** Opening Given records block **

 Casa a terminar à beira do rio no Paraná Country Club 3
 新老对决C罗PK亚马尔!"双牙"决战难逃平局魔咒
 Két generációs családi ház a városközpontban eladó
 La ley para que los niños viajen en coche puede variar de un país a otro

** Closing Given records block **
** Opening Given records block **

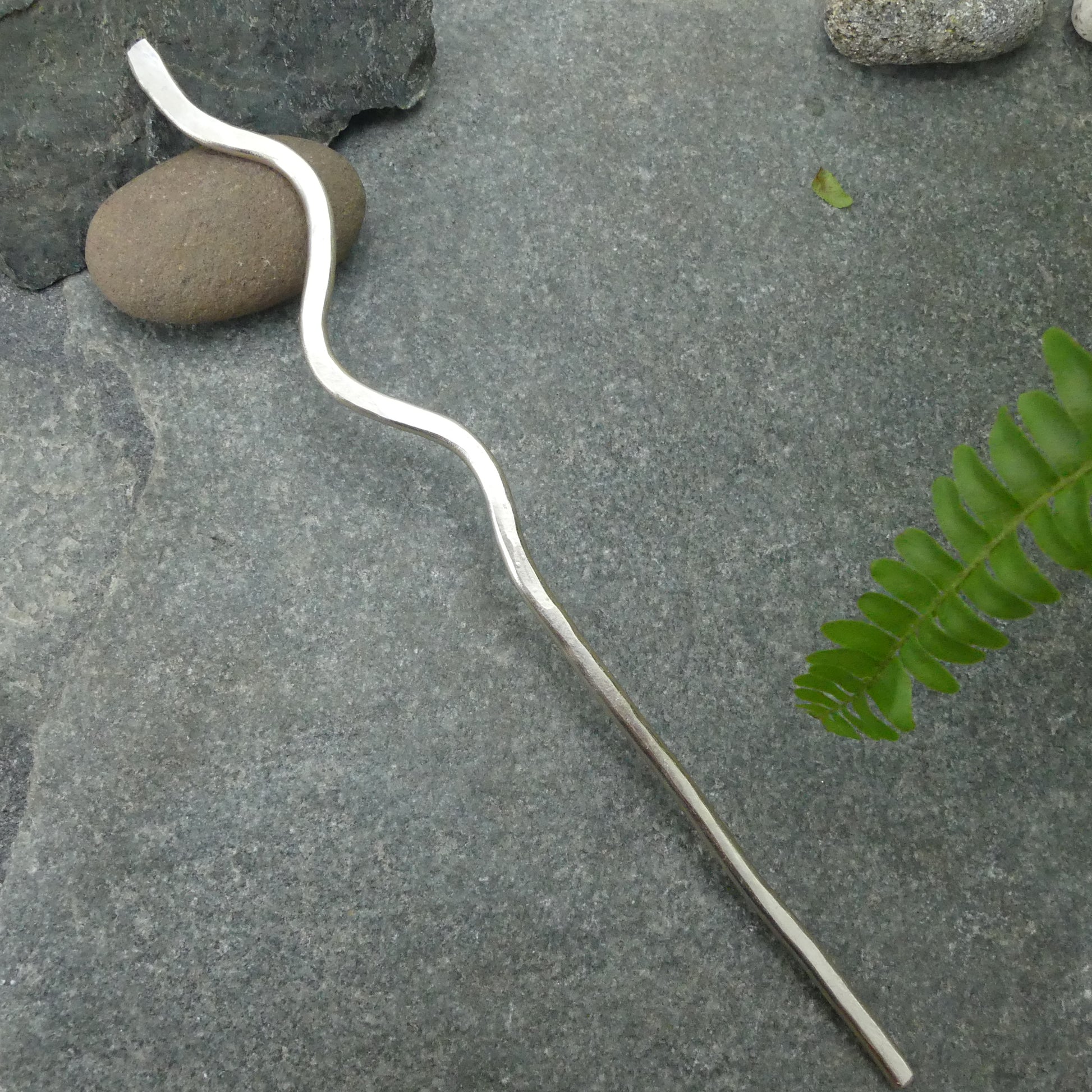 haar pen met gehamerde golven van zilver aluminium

** Closing Given records block **

What the task asks ▸ Using the entries above, extract exactly the span from the line with "Két generációs családi" to the line with "La ley para", both lines included; leave out everything else.

Finished task ▸
 Két generációs családi ház a városközpontban eladó
 La ley para que los niños viajen en coche puede variar de un país a otro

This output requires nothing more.